[INSTRUCTIONS TO FOLLOW] Although the records contain pictures, repeat only the text of every line exactly.

[[ RECORDS TO USE, beginning ]]

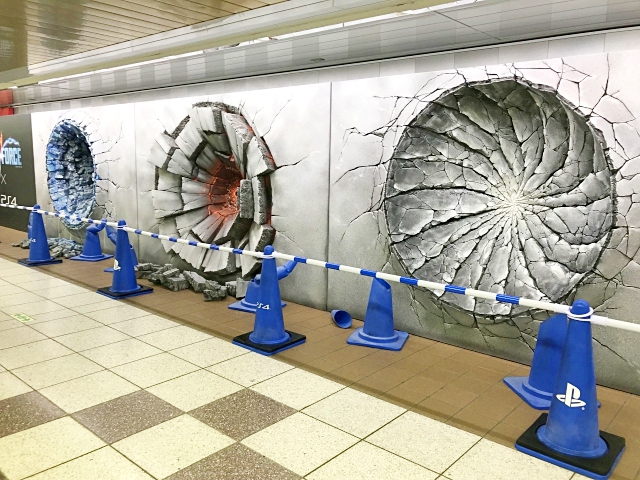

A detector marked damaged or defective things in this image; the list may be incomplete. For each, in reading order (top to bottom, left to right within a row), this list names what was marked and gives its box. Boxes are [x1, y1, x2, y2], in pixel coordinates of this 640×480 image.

cracked concrete crater [148, 101, 278, 278]
cracked concrete crater [384, 79, 616, 318]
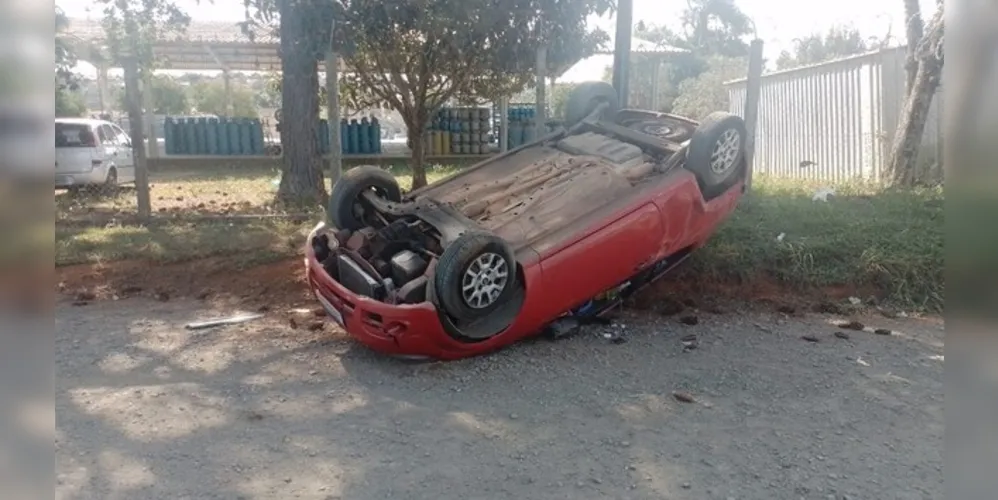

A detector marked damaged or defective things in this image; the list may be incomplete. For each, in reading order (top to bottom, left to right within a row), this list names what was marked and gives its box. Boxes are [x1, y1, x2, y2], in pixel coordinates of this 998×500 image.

overturned red car [304, 82, 752, 360]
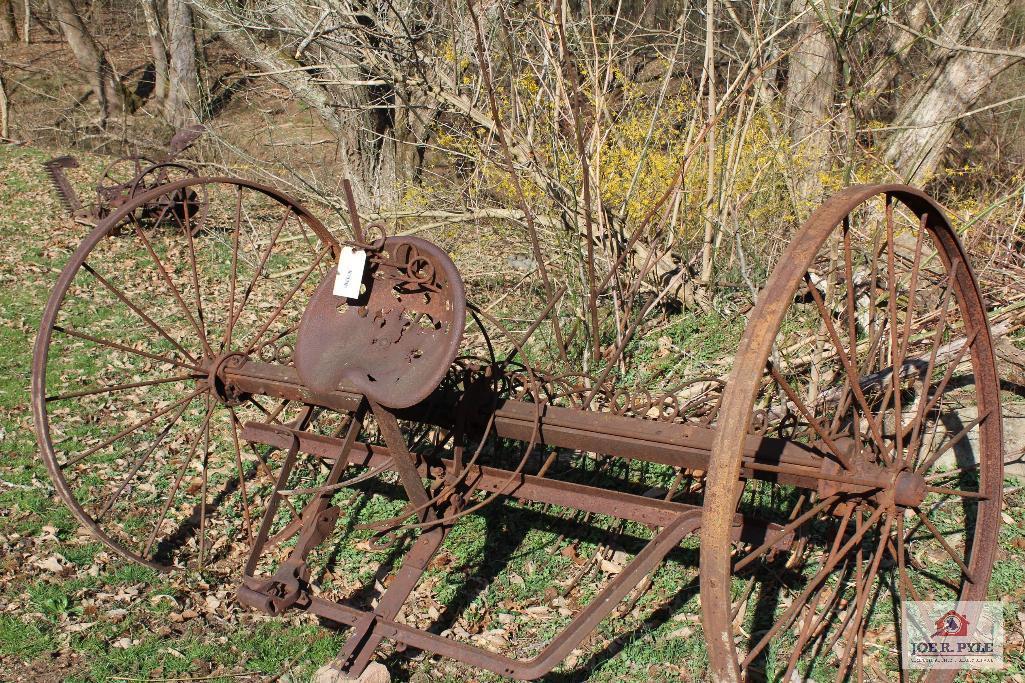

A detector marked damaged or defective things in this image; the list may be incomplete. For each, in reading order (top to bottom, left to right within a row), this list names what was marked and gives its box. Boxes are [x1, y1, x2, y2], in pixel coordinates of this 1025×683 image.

rusty horse-drawn hay rake [29, 178, 1000, 676]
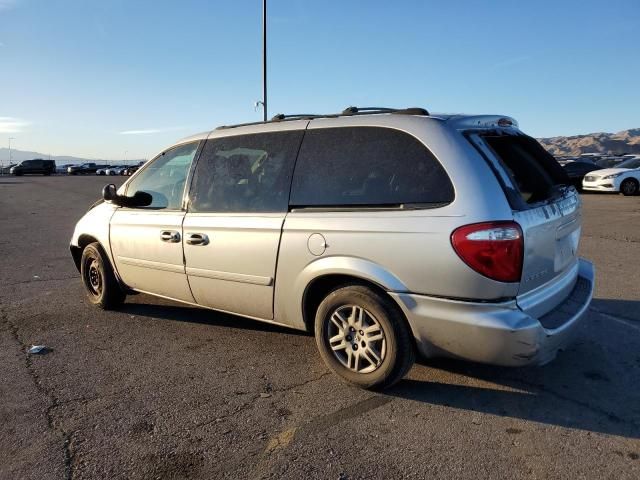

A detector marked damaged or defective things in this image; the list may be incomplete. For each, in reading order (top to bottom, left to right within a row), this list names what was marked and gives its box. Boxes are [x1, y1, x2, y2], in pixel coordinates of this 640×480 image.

cracked asphalt [0, 176, 636, 480]
dented rear bumper [390, 260, 596, 366]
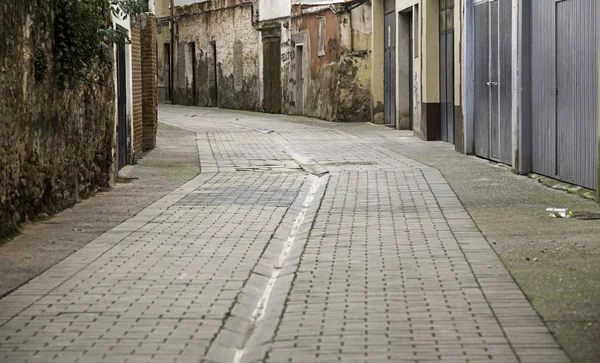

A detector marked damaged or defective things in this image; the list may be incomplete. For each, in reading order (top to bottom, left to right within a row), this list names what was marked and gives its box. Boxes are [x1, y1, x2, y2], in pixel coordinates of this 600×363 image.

peeling plaster wall [172, 0, 258, 110]
peeling plaster wall [284, 3, 372, 122]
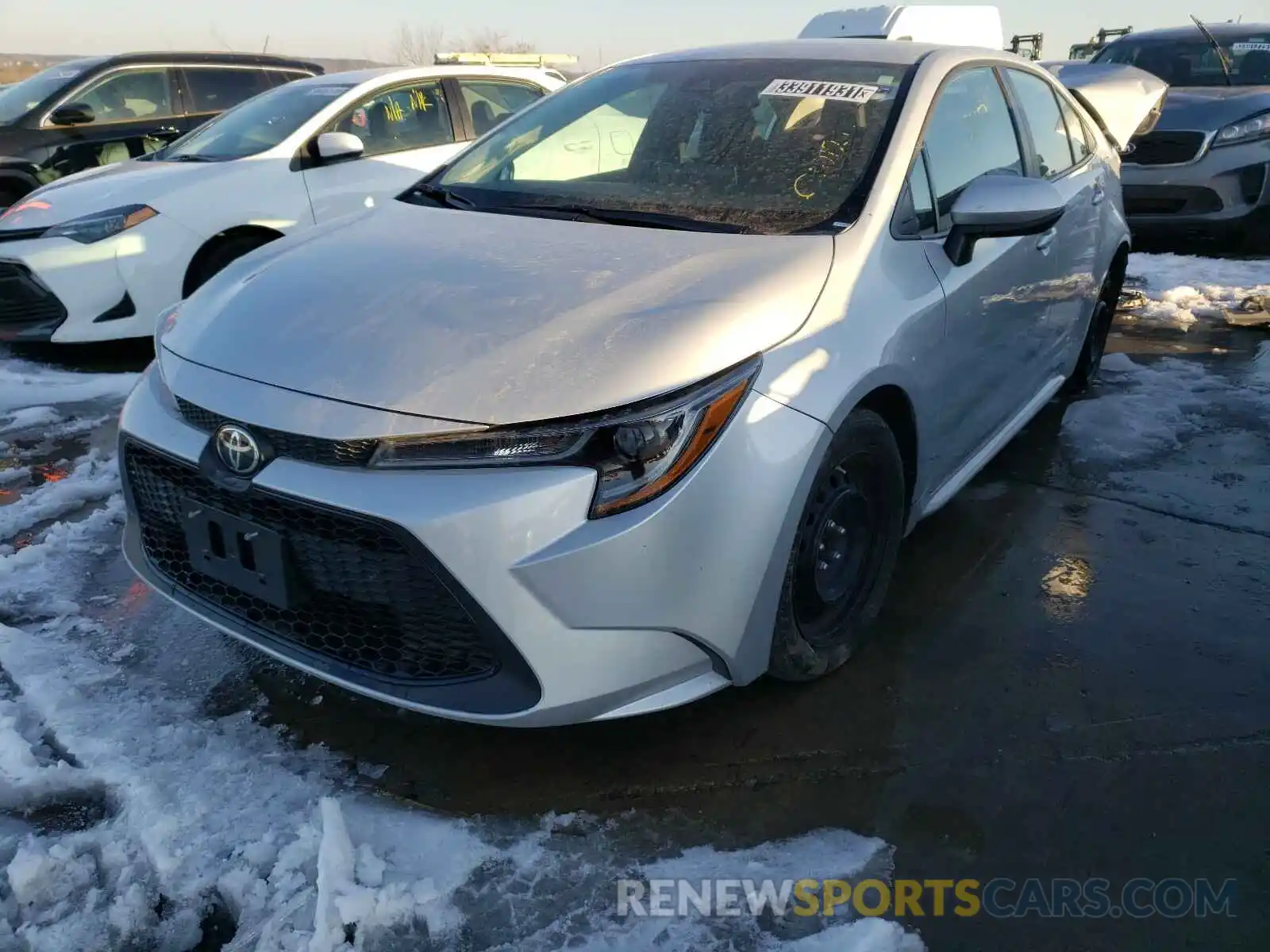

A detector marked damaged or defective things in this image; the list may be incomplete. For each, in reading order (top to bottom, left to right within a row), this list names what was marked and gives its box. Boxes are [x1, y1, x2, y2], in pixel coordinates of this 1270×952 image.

missing license plate [179, 498, 291, 609]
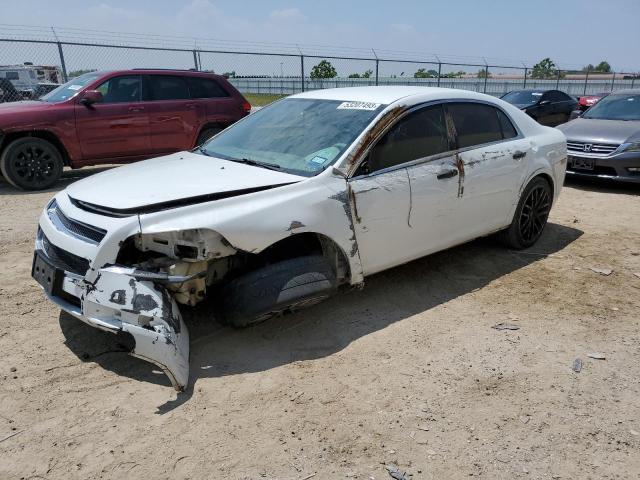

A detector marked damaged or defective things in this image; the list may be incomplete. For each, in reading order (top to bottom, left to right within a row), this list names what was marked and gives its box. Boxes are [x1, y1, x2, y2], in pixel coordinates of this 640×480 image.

shattered windshield [198, 98, 384, 177]
crumpled hood [556, 118, 640, 144]
crumpled hood [66, 150, 306, 210]
damaged white sedan [32, 87, 568, 390]
crushed front bumper [32, 248, 189, 390]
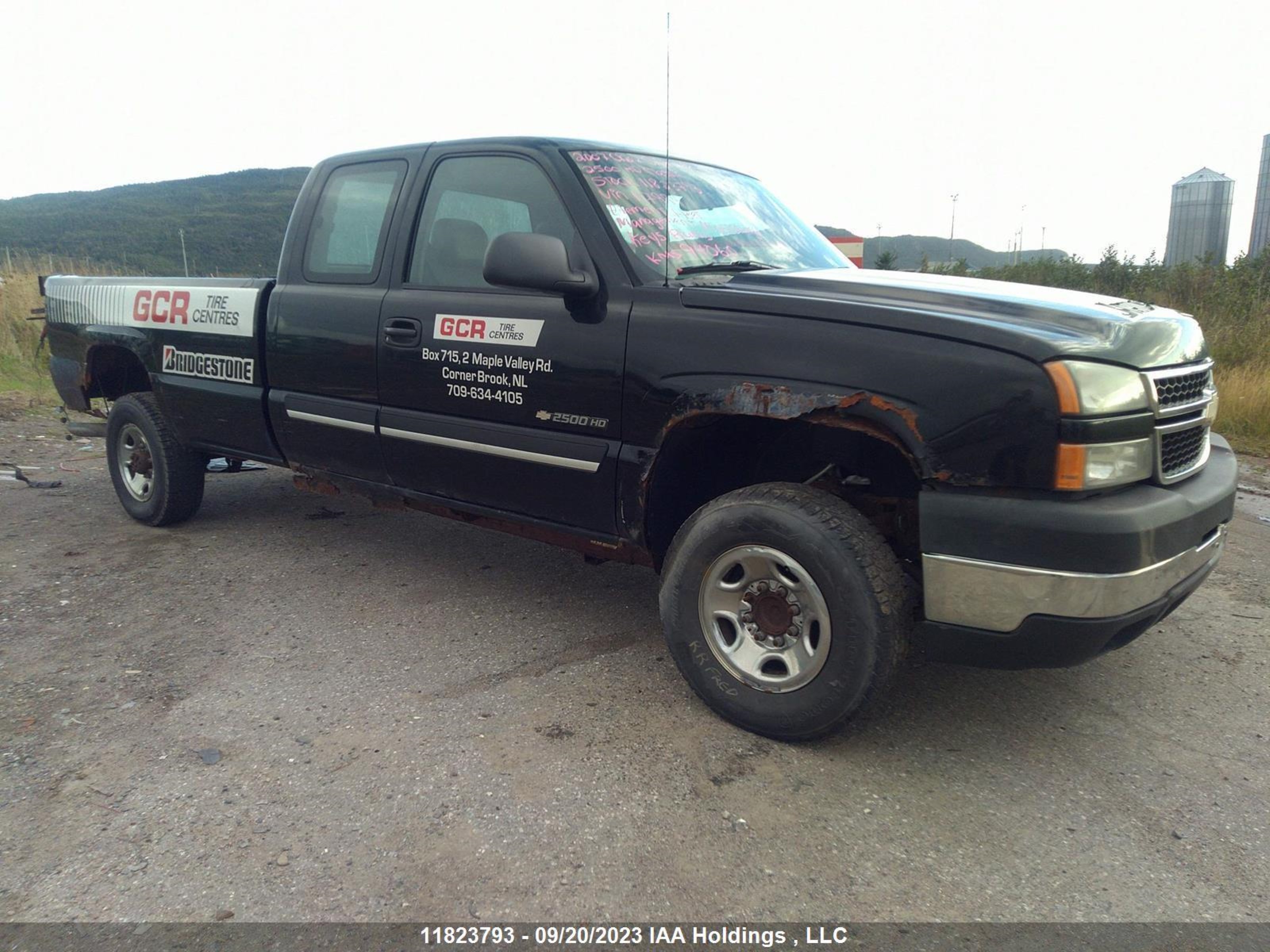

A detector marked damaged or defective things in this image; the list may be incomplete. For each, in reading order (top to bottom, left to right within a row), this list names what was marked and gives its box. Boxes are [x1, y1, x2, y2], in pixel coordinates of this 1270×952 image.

[[ RECORDS TO USE, end ]]

[EXERCISE ANSWER]
A detector marked damaged or defective things in this image; the list may be incomplete. For each, in reading order (top to bottom, left to right within a row), this list names what was marked and gives its box. Boxes are [x1, y1, x2, y2], in pixel coordinates of this 640×480 image.

cracked concrete crater [148, 101, 278, 278]
cracked concrete crater [384, 79, 616, 318]

A detector marked damaged or defective things in this image; the list may be incomplete. For each, in reading order (top to bottom, left to right within a row), this list names what was marked and gives its box. Boxes are [x1, y1, x2, y2], in pixel coordinates of this 998×500 image.

overturned red car [304, 82, 752, 360]

A detector marked damaged or defective things in this image; the list may be incomplete. For each, in reading order (top to bottom, left to right within a row), this list names what was marked and gives its box. Boxes are [x1, y1, x2, y2], in pixel coordinates of this 1025×683 image.

rusty horse-drawn hay rake [29, 178, 1000, 676]

A detector marked damaged or defective things in this image; the list may be incomplete. For each, in reading order (top to bottom, left to right within a row), this list names what was marked and gives its box. Boxes are [x1, y1, x2, y2], in pixel coordinates of this 640×480 image.

cracked asphalt [0, 176, 636, 480]
dented rear bumper [390, 260, 596, 366]

A detector marked damaged or defective things in this image; the list may be incomplete. For each, in reading order (top to bottom, left to right within a row), this list names what was marked and gives its box. Boxes are [x1, y1, x2, y2], in pixel coordinates of this 600×363 image.

peeling plaster wall [172, 0, 258, 110]
peeling plaster wall [284, 3, 372, 122]

A detector marked damaged or defective things in this image; the list may be incomplete. For each, in reading order (top to bottom, left to right within a row), this list names what was marked and gives its box. Boxes are [x1, y1, x2, y2], in pixel coordinates of this 1270×952 image.

missing license plate [179, 498, 291, 609]

A detector marked damaged or defective things in this image; the list may be incomplete. For each, in reading order (top to bottom, left to right within a row), this list names what was marked and gives its box. Boxes are [x1, y1, x2, y2], in pixel coordinates of this 640×480 image.

shattered windshield [198, 98, 384, 177]
crumpled hood [556, 118, 640, 144]
crumpled hood [66, 150, 306, 210]
damaged white sedan [32, 87, 568, 390]
crushed front bumper [32, 248, 189, 390]

A detector marked damaged or defective things in this image; the list may be incomplete. For each, in reading order (top to bottom, left to right within a row), this list names what was marked and gives its box. Boxes are [x1, y1, x2, y2], in pixel coordinates of this 1270×952 image.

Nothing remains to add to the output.